七十七 東北機場廻り(上巻261頁)
私は明治二十八(1895)年の八月から三井呉服店の改革に着手し、約一年間で店内の整理も一段落した。そこで、東北の織物の産地まわりをすることにした。私のような学生上がりの人間が何らかの意味ある仕事をしようと思うとき、金儲けのことだけでなく、なんらかの理想を持つものである。私も今、そうした理想を胸に東北の織物産地を見渡してみたのである。
これまでの呉服問屋、小売店は産地から商品を仕入れるとき、縞柄や模様柄を一から注文して製造してもらうのではなく、ただ出来合いのものからほしいものを選ぶというだけだった。すると産地の織物業者としては失敗を恐れて、どれもこれも同じような平凡な品物を生産するばかりで新しいデザインに挑戦するということがなくなってゆく。そのうえ、呉服店は織元と直接取引をするのではなく、織物業者と呉服店のあいだにはいる織物仲買人の手を経て買い取るので、仲買人は手数料をより多く得るために織元を苦しめることになる。すると織元はこの苦しみから逃れるために粗製濫造に走るという弊害が現れる。これが東北の織物産地における一般的な問題だった。

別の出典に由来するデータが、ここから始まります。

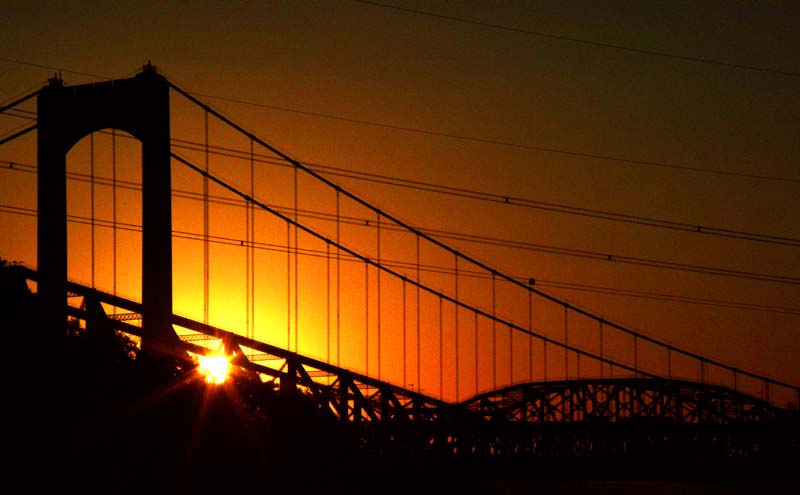 Sentier des Grèves Premier rayon sur les ponts de Québec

私は織物仲買人によらず、織者業者と直接取引することにした。また、こちらから新しいデザインを提示し、かれらが安心して優良な品を製造できるようにすることが小売業者のためにもなり、多数の機織り業者のためにもなり、ひいては国家の利益のためになるだろうという理想を実行しようとしたのである。仕入係の山岡才次郎と、意匠係の福井江亭、調査係の中村利器太郎を連れ、明治二十九(1896)年七月二十八日に、まず仙台に向けて出発した。

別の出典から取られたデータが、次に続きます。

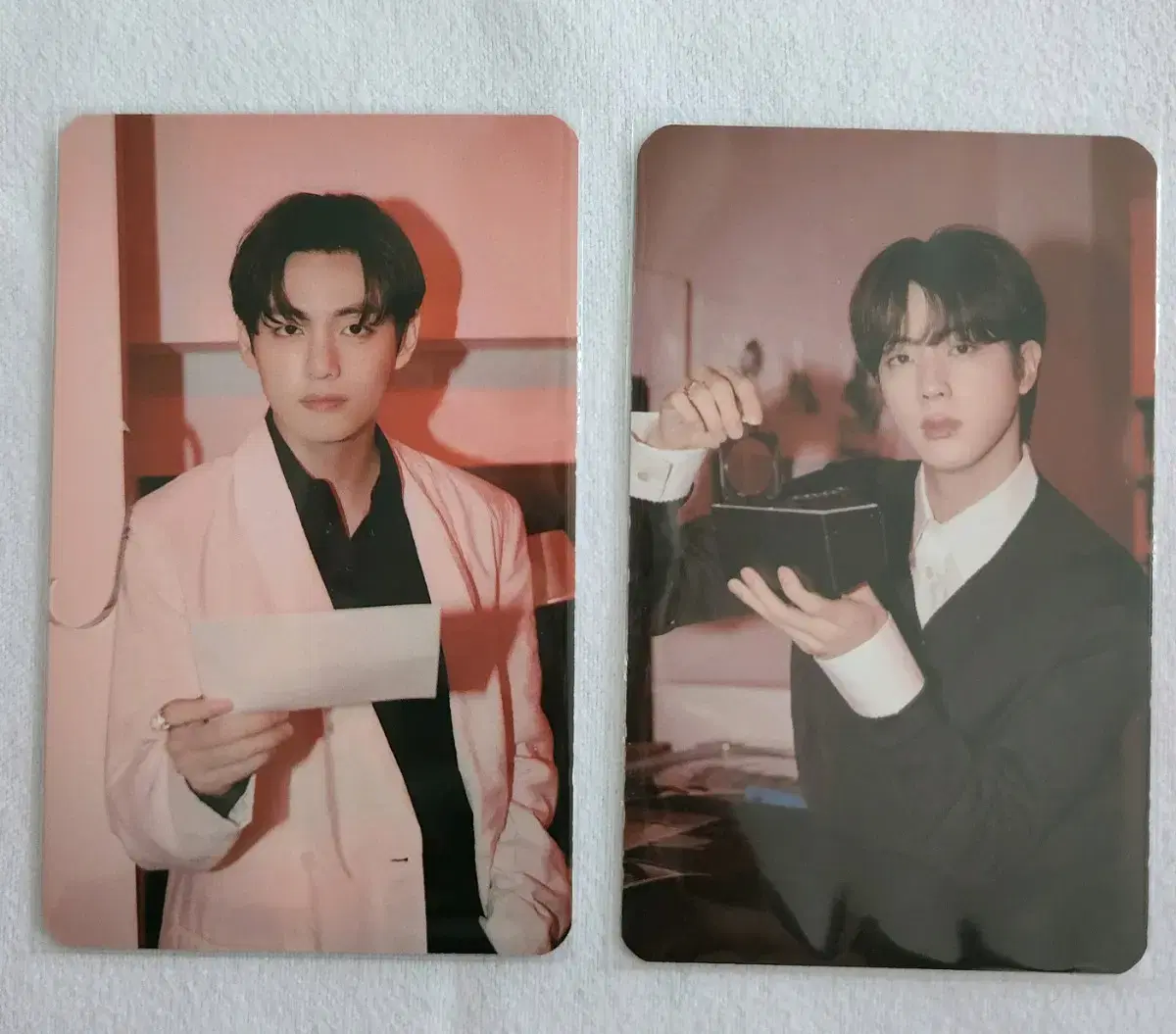 (Price drop)Bangtan powerstation ld Seokjin Taehyung photocard WTS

仙台の主要な織物といえば、言うまでもなく仙台平である。藩祖である伊達政宗が、京都の職工の弥左衛門という者を呼び寄せて織らせたのを始まりとする。最初のころ、品質が精巧なため、精巧平と呼んでいたが、その後仙台で生産されることから仙台平とも呼ぶようになった。

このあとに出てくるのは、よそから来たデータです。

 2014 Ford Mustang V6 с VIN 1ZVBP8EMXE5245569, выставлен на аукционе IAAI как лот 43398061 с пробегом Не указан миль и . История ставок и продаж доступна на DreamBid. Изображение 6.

封建時代に伊達家がこの袴の生地を珍重したのは、参勤交代の久々の江戸入りのとき、国産品を土産物にしたからである。それは当時の大名の習慣だったので、交際術に長じた政宗や、そのほか、伊達姿、伊達模様などと形容されるような派手を好む藩主たちが、仙台平を贈答用に使ったのはまったく自然なことだったにちがいない。
ところが維新後に、新潟地方に村上平、五泉平などという類似した割安の品が出てきたため、そのころの仙台平の一年間の産額はわずか七千反にも達しないという衰退の極致にあった。そこで私は、機元である伊藤清慎、藤崎三郎助の二軒と取引契約を結び、ついでながら松島見学で、あの瑞巌寺も訪れ、伊達政宗の木像を拝観し、そのとき次の七言絶句二首をなした。
瑞巌寺謁貞山公像
軍装凛々見威容 鵬翼図南独眼竜 縦不雄飛伸大志 猶余六十万提封
奥州草木挟風雲 独眼竜名天下聞 試較群雄胸量大 猿郎以外我推君
われわれはその後、仙台から福島を経由して米沢に赴き、同地の糸織の機場を視察した。糸織というのは、有名な上杉鷹山公が丹後の商人である山家屋清兵衛という者に命じ久六という機職人を連れ帰り、横麻裃地の竜の模様を織らせたのがはじまりだそうだ。このとき、高橋嘉右衛門、中村伊右衛門のふたりが、さらに進んだ縞物を織ろうとし、久六との熱心な話し合いの結果、丹後から縮緬織りの機械を取り寄せ、そのころ甲州で生産されていた双糸織【もろいとおり】の模造をした。その成績が良好で、しまいにはここの産物になるにいたったのだそうだ。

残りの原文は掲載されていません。